## Work to complete
In the entries below, find the line with "Кеды. Уютная студия" and print exactly every line from there up to and including the line with "Italiana morena esposa en BBC gangbang 2", with no other lines.

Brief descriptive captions
▼
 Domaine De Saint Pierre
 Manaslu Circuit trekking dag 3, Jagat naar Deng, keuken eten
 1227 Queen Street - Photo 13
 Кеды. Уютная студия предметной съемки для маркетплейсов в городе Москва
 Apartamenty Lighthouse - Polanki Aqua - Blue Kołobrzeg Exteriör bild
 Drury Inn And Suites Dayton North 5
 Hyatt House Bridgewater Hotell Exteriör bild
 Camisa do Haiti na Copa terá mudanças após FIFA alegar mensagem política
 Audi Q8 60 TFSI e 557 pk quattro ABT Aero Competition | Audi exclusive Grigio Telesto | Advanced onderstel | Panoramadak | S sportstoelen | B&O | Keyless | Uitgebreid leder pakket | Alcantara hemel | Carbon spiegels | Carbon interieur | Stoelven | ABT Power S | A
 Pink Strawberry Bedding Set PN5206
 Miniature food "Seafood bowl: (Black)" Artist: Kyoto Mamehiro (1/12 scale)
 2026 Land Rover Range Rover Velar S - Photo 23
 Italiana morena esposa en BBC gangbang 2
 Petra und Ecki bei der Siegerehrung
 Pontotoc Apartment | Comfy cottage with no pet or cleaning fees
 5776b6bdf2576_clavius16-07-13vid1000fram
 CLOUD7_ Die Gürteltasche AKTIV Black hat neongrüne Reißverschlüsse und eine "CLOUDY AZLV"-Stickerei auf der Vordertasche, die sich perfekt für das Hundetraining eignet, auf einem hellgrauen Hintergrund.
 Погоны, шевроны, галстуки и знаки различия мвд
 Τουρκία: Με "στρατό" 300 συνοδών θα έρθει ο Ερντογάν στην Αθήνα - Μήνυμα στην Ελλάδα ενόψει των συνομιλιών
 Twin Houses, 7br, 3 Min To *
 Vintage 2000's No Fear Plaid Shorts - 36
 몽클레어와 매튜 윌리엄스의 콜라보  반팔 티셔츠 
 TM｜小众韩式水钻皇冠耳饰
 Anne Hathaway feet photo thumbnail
▲
## Solution
 Кеды. Уютная студия предметной съемки для маркетплейсов в городе Москва
 Apartamenty Lighthouse - Polanki Aqua - Blue Kołobrzeg Exteriör bild
 Drury Inn And Suites Dayton North 5
 Hyatt House Bridgewater Hotell Exteriör bild
 Camisa do Haiti na Copa terá mudanças após FIFA alegar mensagem política
 Audi Q8 60 TFSI e 557 pk quattro ABT Aero Competition | Audi exclusive Grigio Telesto | Advanced onderstel | Panoramadak | S sportstoelen | B&O | Keyless | Uitgebreid leder pakket | Alcantara hemel | Carbon spiegels | Carbon interieur | Stoelven | ABT Power S | A
 Pink Strawberry Bedding Set PN5206
 Miniature food "Seafood bowl: (Black)" Artist: Kyoto Mamehiro (1/12 scale)
 2026 Land Rover Range Rover Velar S - Photo 23
 Italiana morena esposa en BBC gangbang 2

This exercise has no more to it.